# YOUR OBJECTIVE
All of the data below must be reproduced word for word, but without its images.

BEGIN DATA PROVIDED

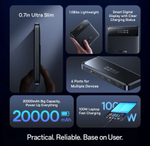 Внешний аккумулятор повербанк чёрный Power Bank 20000mAh 100W BASEUS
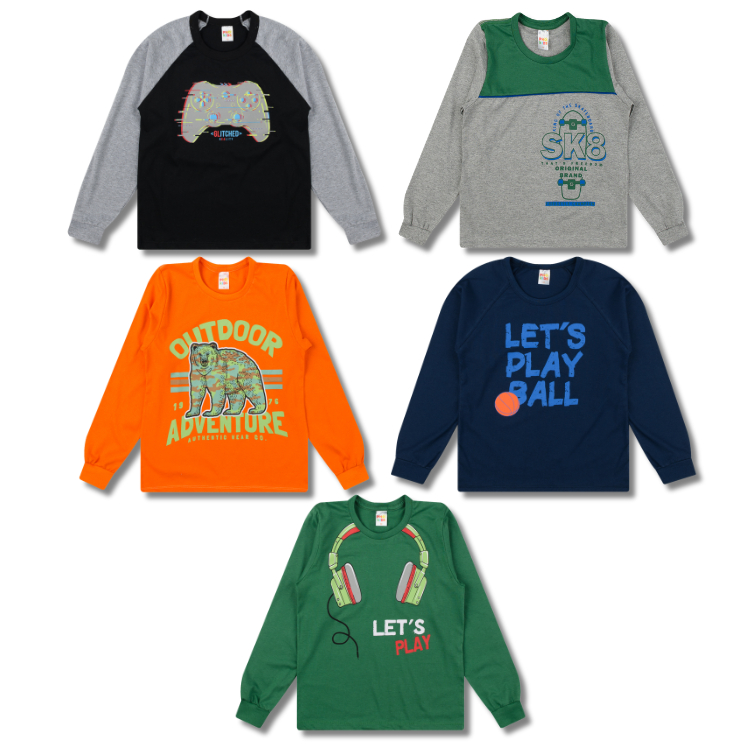 Kit Camiseta Manga Longa Sortido Masculino Juvenil - Menino Inverno Blusa Manga Comprida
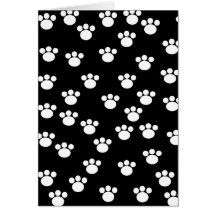 Black and White Animal Paw Print Pattern. Greeting Cards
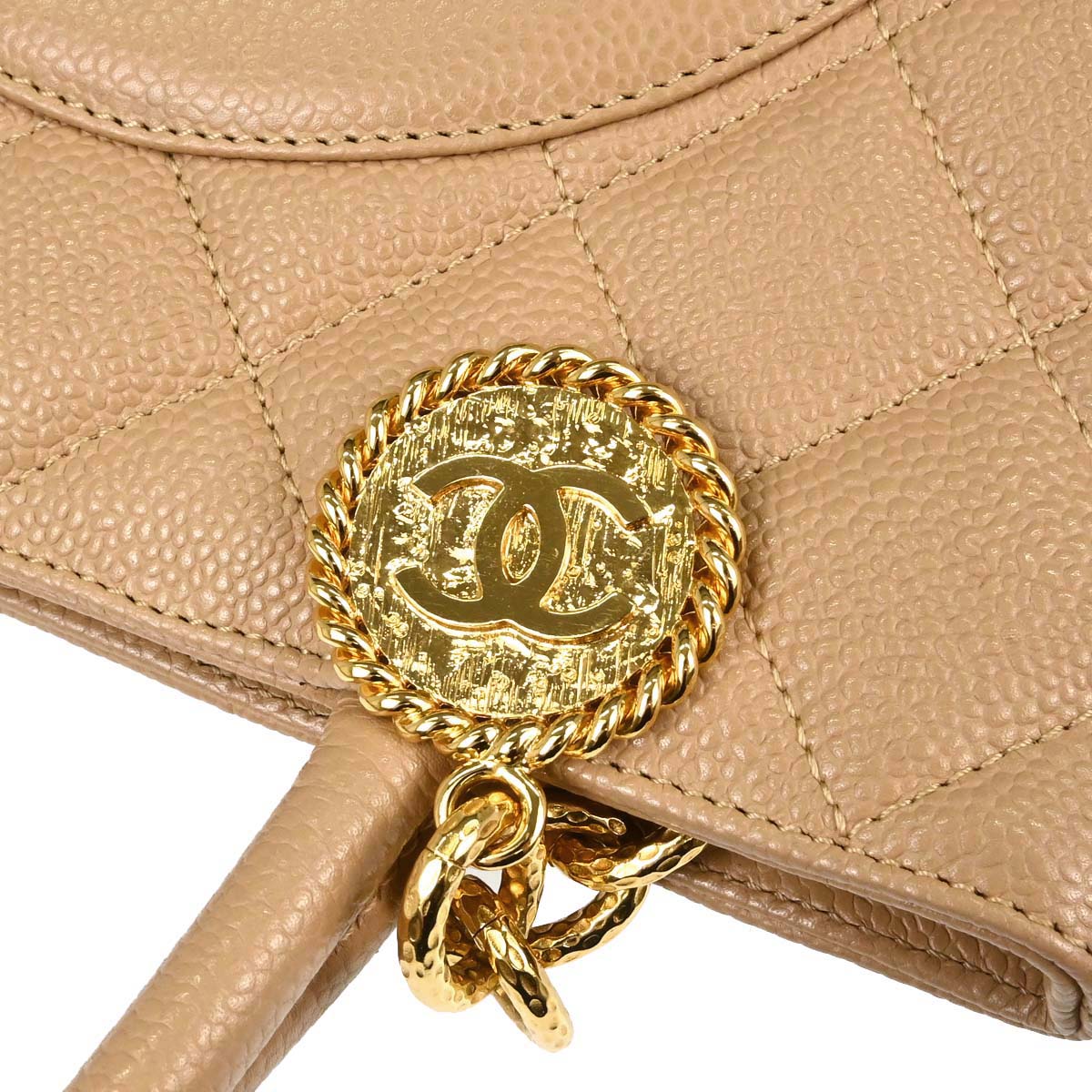 Chanel Beige Caviar Skin Medallion Tote Handbag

END DATA PROVIDED

# SOLVED EXERCISE
 Внешний аккумулятор повербанк чёрный Power Bank 20000mAh 100W BASEUS
 Kit Camiseta Manga Longa Sortido Masculino Juvenil - Menino Inverno Blusa Manga Comprida
 Black and White Animal Paw Print Pattern. Greeting Cards
 Chanel Beige Caviar Skin Medallion Tote Handbag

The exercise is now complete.